Regulators are being urged to re-think corn ethanol’s carbon value. In a news release from the American Coalition for Ethanol (ACE), the group’s President of its board of directors, Ron Alverson, reveals in a white paper how corn ethanol’s carbon footprint is decreasing, thanks to technology innovations by farmers and ethanol facilities to improve the accuracy of carbon intensity modeling for biofuels.
“ANL scientists have documented significant reductions in corn ethanol’s CI since 2008. Through updates to the Greenhouse gases Regulated Emissions and Energy use in Transportation (GREET version 2.0, 2013) model, ANL recently determined that average ethanol manufacturing energy use has decreased 25%, corn farming energy use decreased 24%, corn fertilizer and chemical use decreased by 3%, and that ethanol facilities are extracting 3% more ethanol from each bushel of corn.

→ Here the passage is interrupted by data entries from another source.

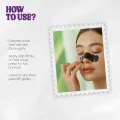 EU Nose Strips for Clearing Nasal Passages Skin Care for Adults And Kids Pore Cleansing Blackhead Removal. 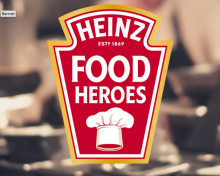 heinz for heroes arena awards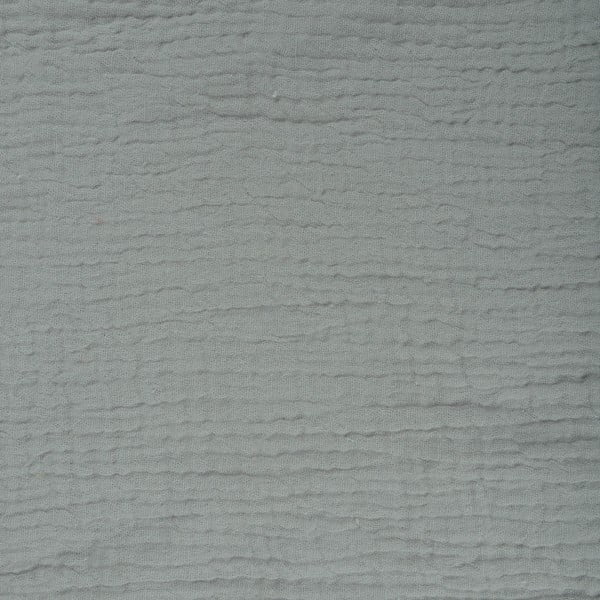 Szürke muszlin előke szett 2 db-os – Bébé Douceur-image-2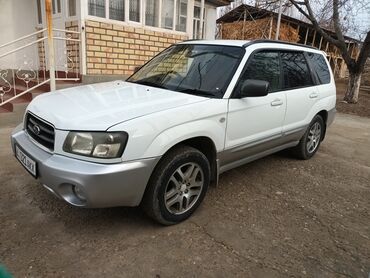 Subaru: Subaru Forester: 2004 г., 2 л, Автомат, Бензин, Универсал — 5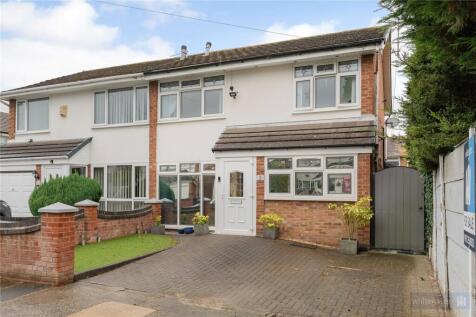 Johnson Grove, Liverpool, Merseyside, L12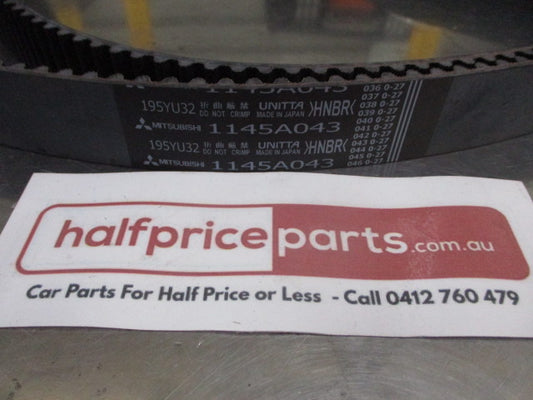 Mitsubishi Pajero/Eclipse/Magna/Galant Genuine Timing Belt New Part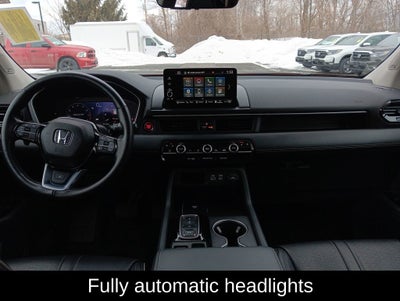 2023 Honda Pilot Elite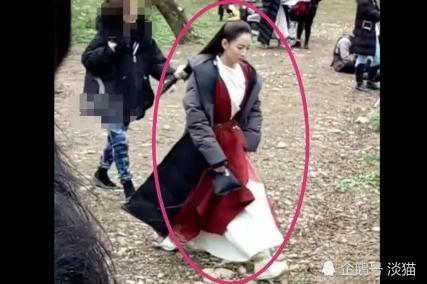 《倚天屠龙记》陈钰琪版赵敏造型出炉，似张敏版造型英气十足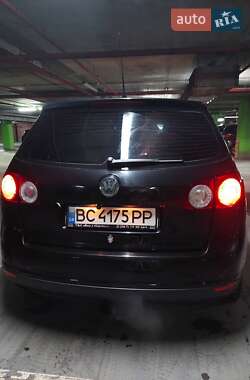 Хэтчбек Volkswagen Golf Plus 2006 в Львове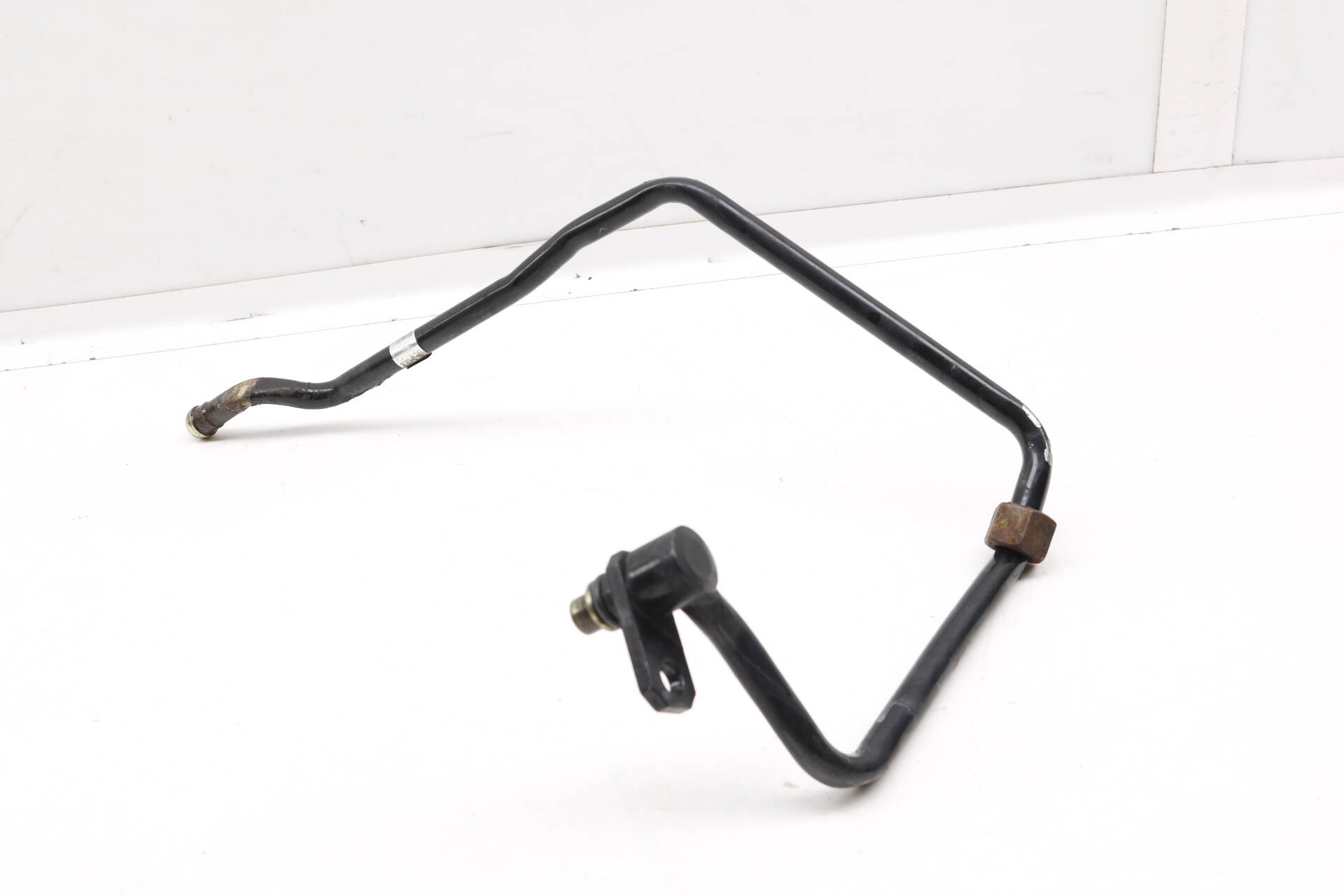 Transmission Oil Cooler Line / Pipe 4F0317818A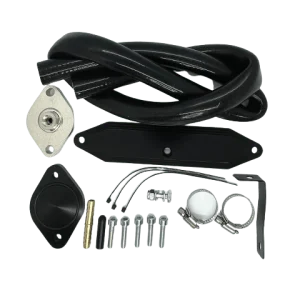 EGR Valve & Cooler Delete Kit 2011-2014 & 2017-2019 Ford Powerstroke 6.7L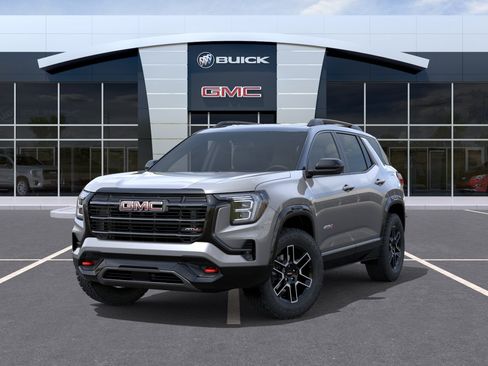 New 2026 GMC Terrain AT4 w/ LPO, Floor Liner Package AWD/4WD image 19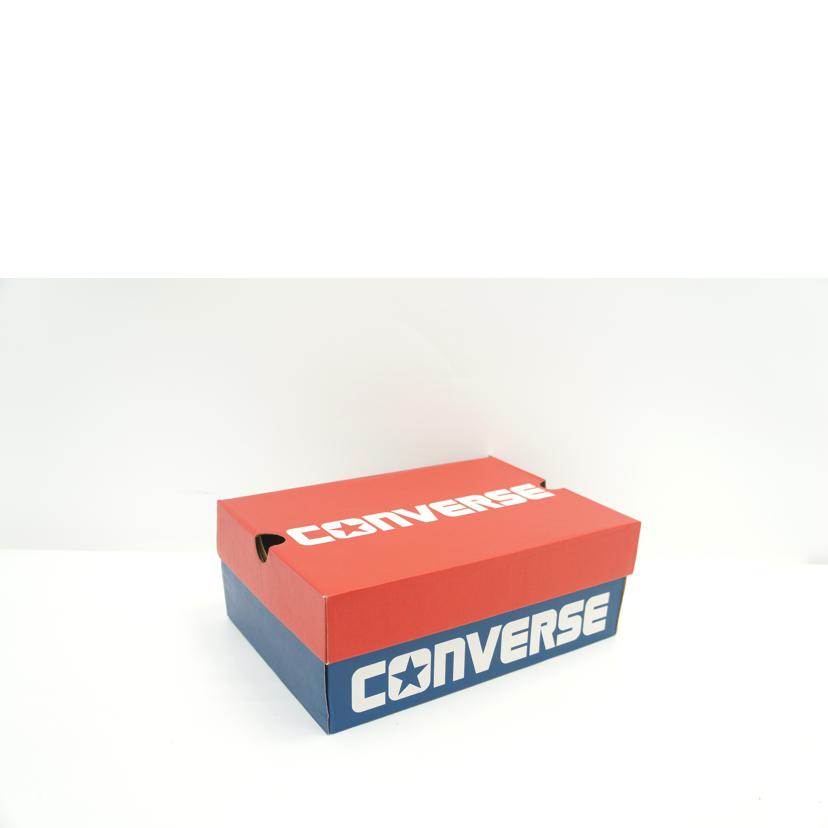 CONVERSE コンバース/LEATHER　ALL　STAR　GORE－TEX　OX/31312490//Aランク/05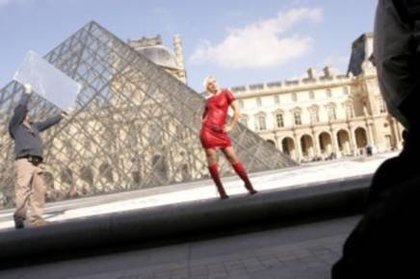 Feux de l'Amour à Paris : Lorie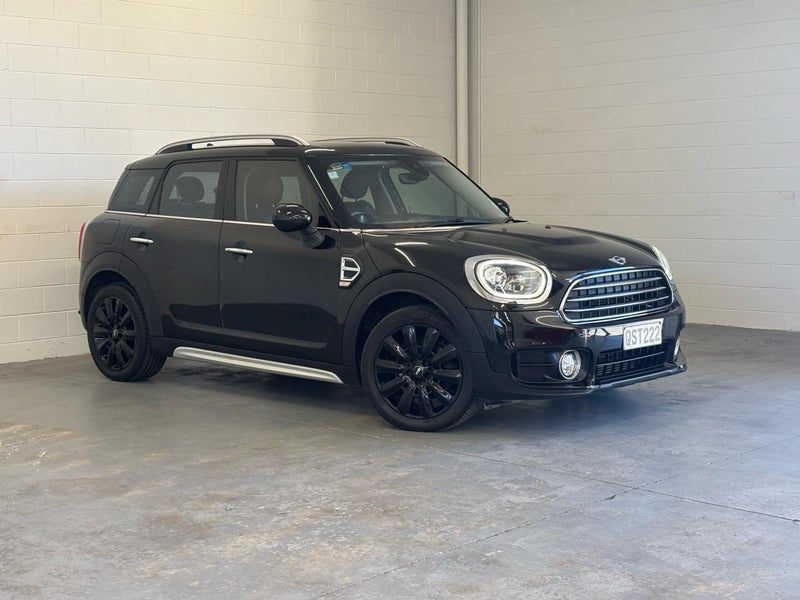 2017 MINI Countryman COOPER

ANL has also updated their Land Use Change (LUC) calculations with recent data and now estimate LUC of just 7.6 grams of CI, a 75% reduction from the widely used and outdated estimate of 30 grams CI. A significant portion of this reduction resulted from soil carbon modeling which predicts soil carbon sequestration from corn,” Alverson notes in the White Paper.
“Unfortunately, low carbon fuel market regulators, such as the U.S. EPA and the California Air Resources Board, have yet to acknowledge these improvements and update their models with this new science,” continues Alverson. “Because fossil fuel CI is getting worse and corn ethanol CI is improving, failure to account for these trends unfairly penalizes biofuels in low carbon markets.”
Alverson, a farmer and founding board member of an ethanol facility in South Dakota cited new research and improved modeling by the Department of Energy’s Argonne National Laboratory. He argues that “corn farmers have responded to market signals and rapidly adopted precision application technology to reduced fertilizer application rates,” new realities those regulators need to now consider.